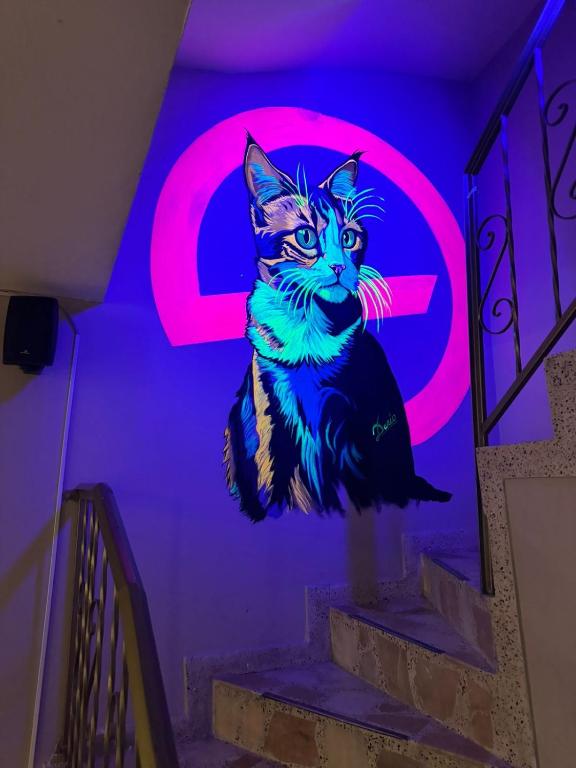 Fotografie z fotogalerie ubytování Gato Neon Hostel v destinaci Bogotá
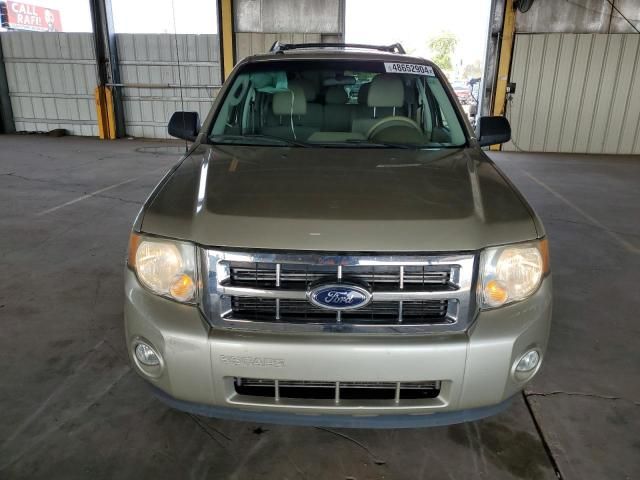 2011 Ford Escape XLT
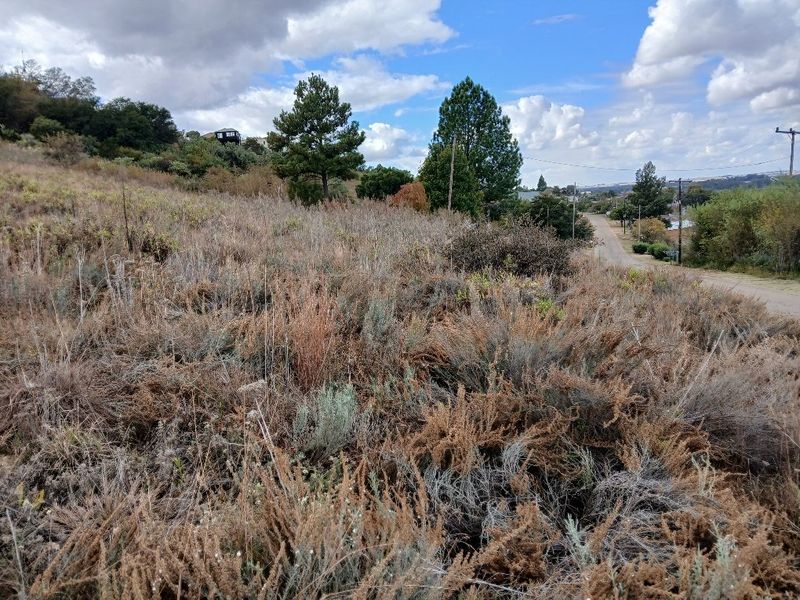 A view of an undeveloped residential plot featuring native vegetation and access to a nearby street.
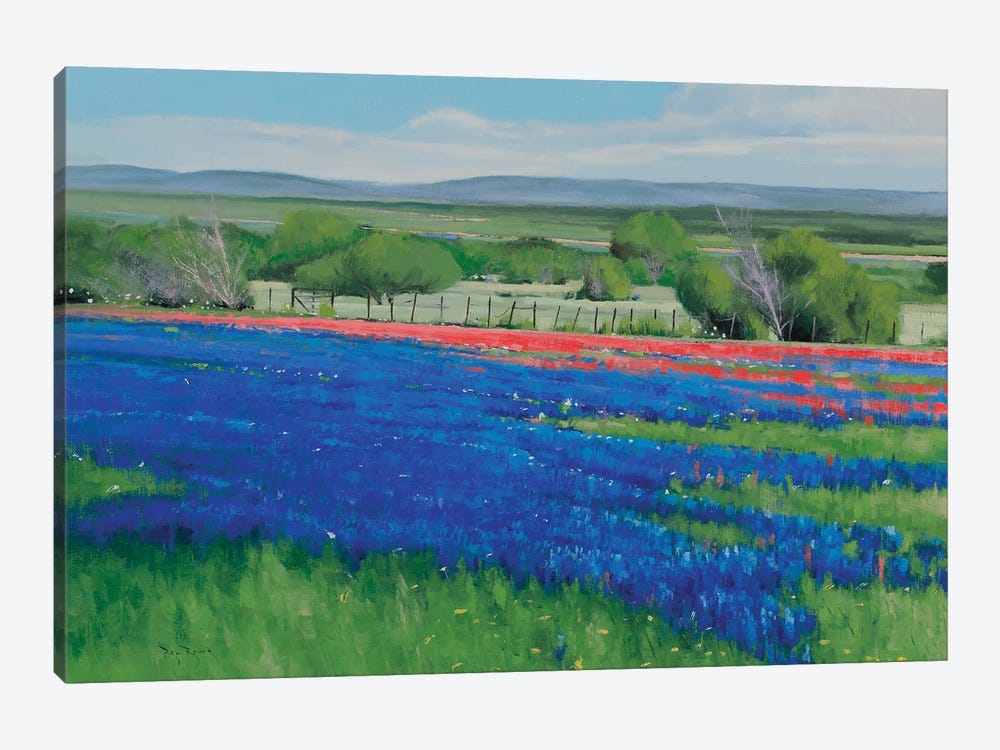 Texas Spring by Ben Bauer 1-piece Canvas Art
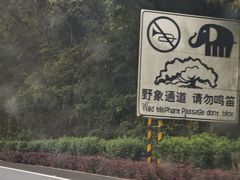 -野象谷景区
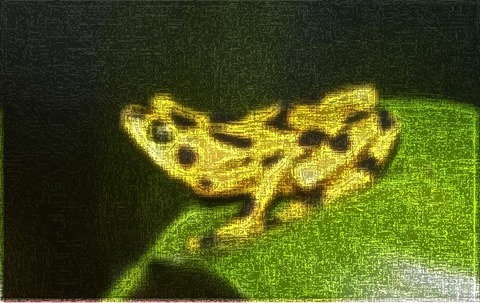 Frog: Filter Size 13x13
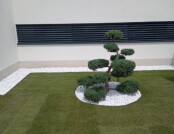 image000003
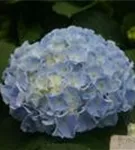 Hydrangea macrophylla 'Coquin'® blaue Hortensie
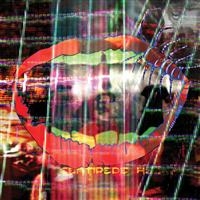 Animal Collective - Centipede Hz in the group VINYL / Pop-Rock at Bengans Skivbutik AB (484056)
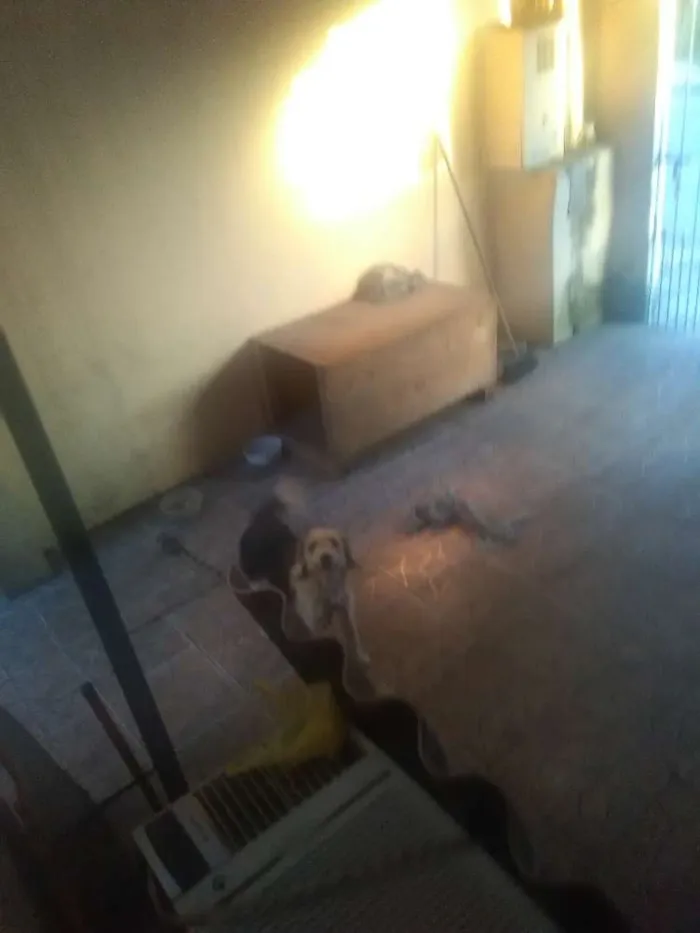Cachorro ra a Vira lata idade 3 anos nome Rhana
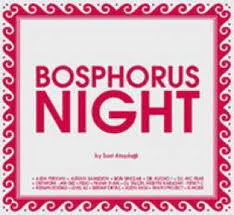 Bosphorus Night By Suat Ateşdağlı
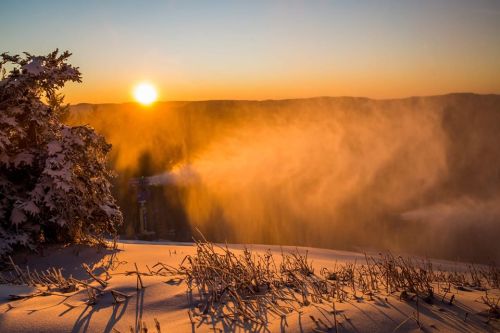 A golden sunrise over a snowy landscape, with mist rising and trees silhouetted against the warm light.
____
▶ [What to do] Could you restate every record above word for word, leaving the pictures out?

▶ [Response box]
 Fotografie z fotogalerie ubytování Gato Neon Hostel v destinaci Bogotá
 2011 Ford Escape XLT
 A view of an undeveloped residential plot featuring native vegetation and access to a nearby street.
 Texas Spring by Ben Bauer 1-piece Canvas Art
 -野象谷景区
 Frog: Filter Size 13x13
 image000003
 Hydrangea macrophylla 'Coquin'® blaue Hortensie
 Animal Collective - Centipede Hz in the group VINYL / Pop-Rock at Bengans Skivbutik AB (484056)
Cachorro ra a Vira lata idade 3 anos nome Rhana
 Bosphorus Night By Suat Ateşdağlı
 A golden sunrise over a snowy landscape, with mist rising and trees silhouetted against the warm light.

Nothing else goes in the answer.